Docker participates in the Open Container Initiative. The format and specifications that Docker defined for how a container should be packaged and run were some of the founding principles for this project. The company’s work has continued and has been built upon by others. Large contributors in the container space include IBM and Red Hat, contributing some of the core designs and code that powers the current container platforms. The Open Container Initiative and design format for container packaging and runtimes is important because it lets each vendor layer its own tools on top of the common formats, allowing you to move the underlying container between platforms and have the same core experience.
19.1.1. The microservices approach to applications
If containers offer a concept of isolation similar to VMs, can you run the same kind of workloads you do in a VM? Well, yes and no. Just because you can do something doesn’t necessarily mean that you should! Containers can be used to run whatever workloads you’re comfortable with, and there are benefits in terms of portability and orchestration features that we examine later in the chapter. To maximize the benefits of containers and set yourself up for success, take the opportunity to adopt a slightly different mental model when you start work with containers. Figure 19.5 compares the traditional application model with a microservices approach.
Figure 19.5. In a traditional monolithic application, the entire application runs as a single application. There may be various components within the application, but it runs from a single install and is patched and updated as a single instance. With microservices, each component is broken down into its own application service and unit of execution. Each component can be updated, patched, and scaled independently of the others.
A standard VM includes a full guest OS install, such as Ubuntu or Windows Server. This base OS install includes hundreds of components, libraries, and tools. You then install more libraries and applications, such as for the NGINX web server or Microsoft SQL Server. Finally, you deploy your application code. This VM typically runs a large part, if not all, of the application. It’s one big application install and running instance. To improve performance, you may add more memory or CPU to the VM (vertical scaling, discussed in previous chapters) or increase the number of instances that run your application (horizontal scaling, as with scale sets). Creating multiple application instances only works if your application is cluster-aware, and it often involves some form of shared storage to enable a consistent state across the application instances. This traditional form of deployment is called a monolithic application.

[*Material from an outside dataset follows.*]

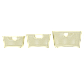 Набор корзинок «Ромбики» (33×24×14,5см) ваниль (Альтпласт, Россия), фото 2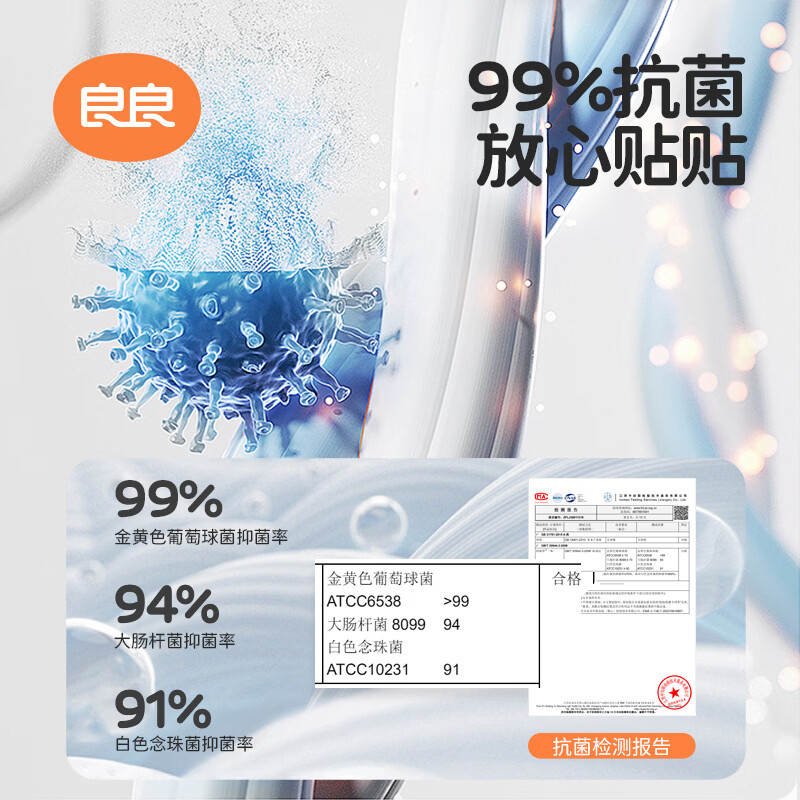 良良婴儿睡袋恒温睡袋儿童春季分腿睡袋宝宝棉厚防踢被子可拆袖 雨林奇遇-100G夹棉款 【室温10-20℃】 100cm（建议身高100-120cm）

A different approach to how you design, develop, and run applications is to break things down into smaller, bite-sized components. This is a microservices approach to application development and deployment. Each microservice is responsible for a small part of the wider application environment. Microservices can grow, scale, and be updated independently of the rest of the application environment.
Although this model may offer challenges at first while development and IT teams learn to adopt a different way to build and deploy applications, containers are a great fit for the microservice approach. Developers are empowered to deploy smaller, more incremental updates at a quicker pace than the monolithic approach to application development. Microservices and containers are also a great fit for continuous integration and continuous delivery (CI/CD) workflows where you can more easily build, test, stage, and deploy updates. Your customers receive new features or bug fixes faster than they would otherwise, and hopefully your business grows as a result.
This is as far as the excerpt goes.